How do fruit growers adjust spraying to fit the sizes of trees in their orchards?
“Trees have gotten smaller and canopy volume has decreased, but pesticide labels are still written in terms of so much per acre,” said Dean Polk, a Rutgers University entomologist who is its tree fruit IPM coordinator in New Jersey.
As products have gotten more expensive, growers have every reason to want to use less if they can and still feel assured they are getting adequate coverage and protection. Yet they are often frustrated when they seek advice.
“Extension people can’t make recommendations off the label,” Polk said. Not only is there potential liability, but growers themselves can’t afford to go off-label if they want companies to stand behind their products’ performance.
Still, growers can make adjustments that result in less active ingredient being applied per acre.
Polk moderated a panel discussion on the question involving three Eastern fruit growers during the Mid-Atlantic Fruit and Vegetable Convention.
The three are well known for their fruit growing proficiency. J.D. Rinehart grows 100 acres of peaches and 300 of apples near Smithsburg, Maryland, with his brother, John; Chris Baugher grows apples in Aspers, Pennsylvania; and Gary Mount and his wife, Pam, have 200 acres of fruits and vegetables they market directly from their farm, Terhune Orchards, in Princeton, New Jersey.
The old way
The standard spray recommendation was developed back in the days of large trees on seedling rootstocks. The recommendation for apples called for mixing the labeled rate of pesticide into 400 gallons of water, and that was to cover one acre to the point of liquid runoff. This was called a dilute spray, or 1X dilution.

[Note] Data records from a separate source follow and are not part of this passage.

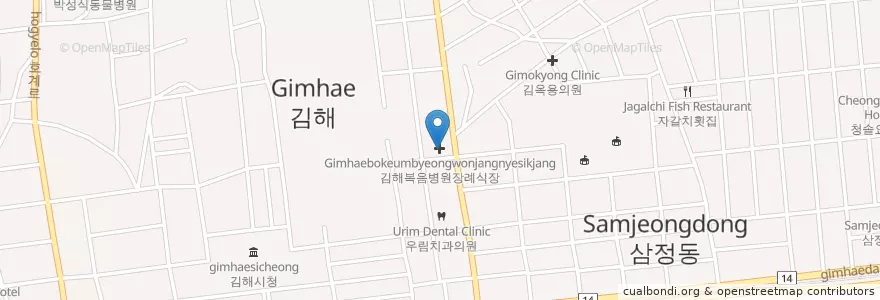 Mapa de ubicacion de 김해복음병원 en کره جنوبی, جئونسانگنام-دو, 김해시.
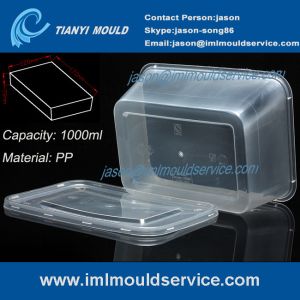 PP 1000ml thin wall disposable rectangular plastic food box/ transparent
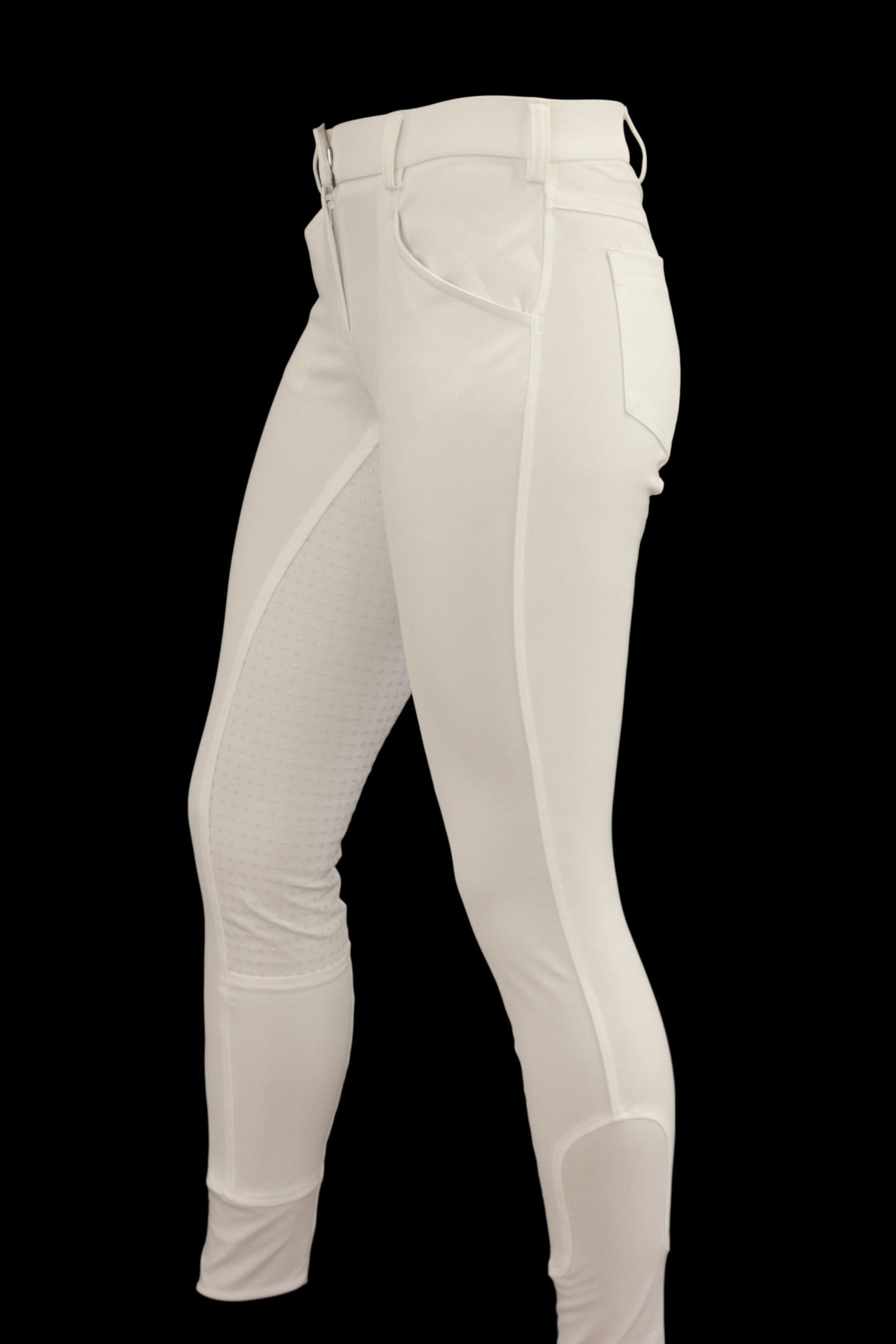 White CoolMax Breeches with or without Silicone seat grip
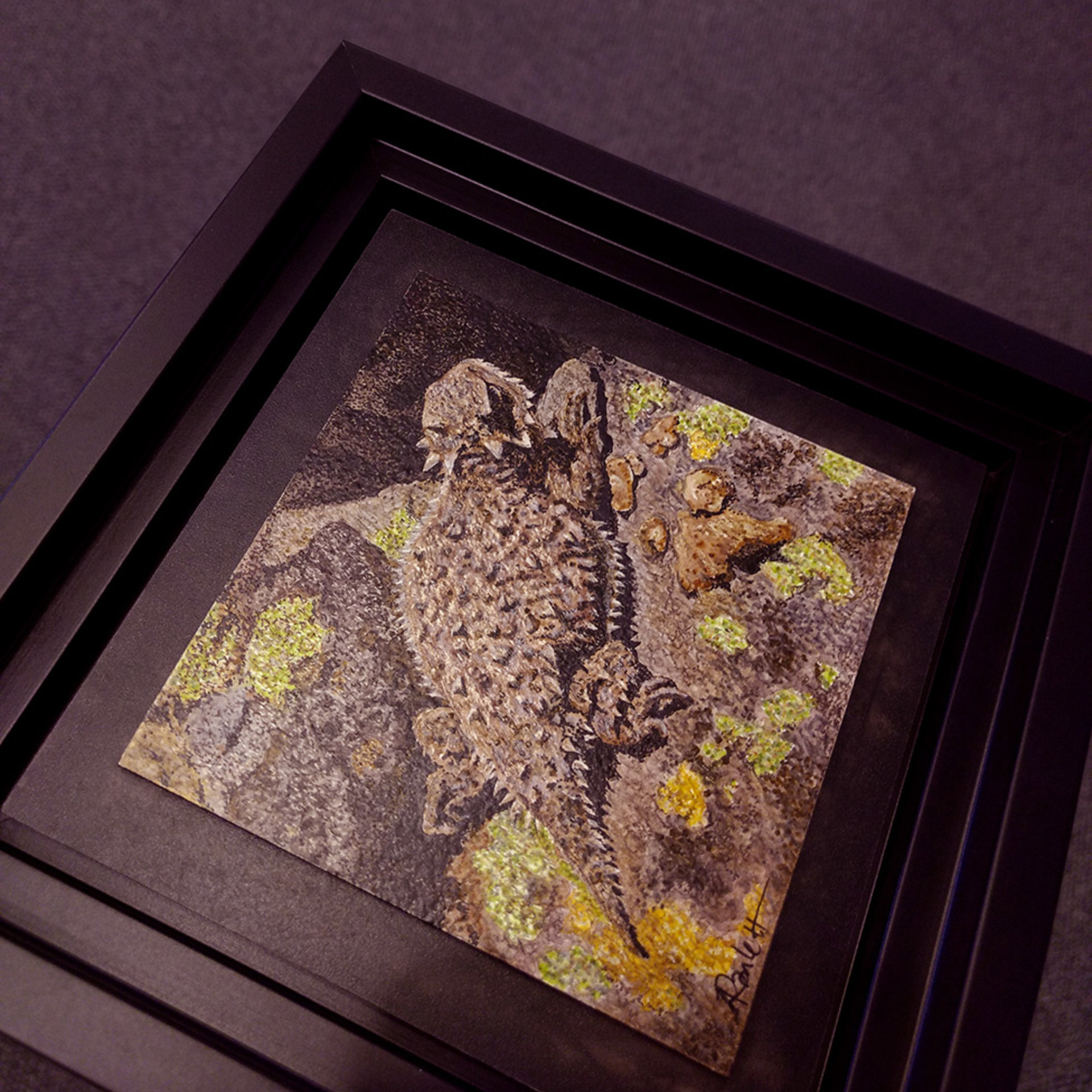 Horned Lizard - Original Mixed Media Drawing, Framed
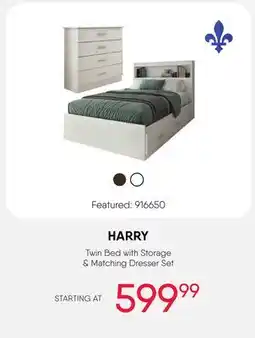 Meubles RD HARRY Twin Bed with Storage & Matching Dresser Set offer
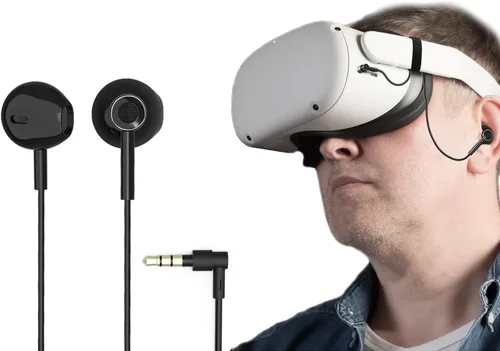 VR Earphones for Oculus Quest 2 Semi-in-Ear Headphones for Virtual Reality Gaming Headset, 0 Latency 3.5 mm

However, researchers found growers didn’t need to haul that much water, and that fewer gallons could be used, so growers began using 2X, 3X, 4X, and 6X dilutions, cutting water to 200, 133, 100, or 76 gallons per acre—which would apply the label rate per acre in less water.
But as trees became smaller, growers cut gallons per acre as well, and that reduced the amount of active ingredient applied per acre. It all became quite complicated.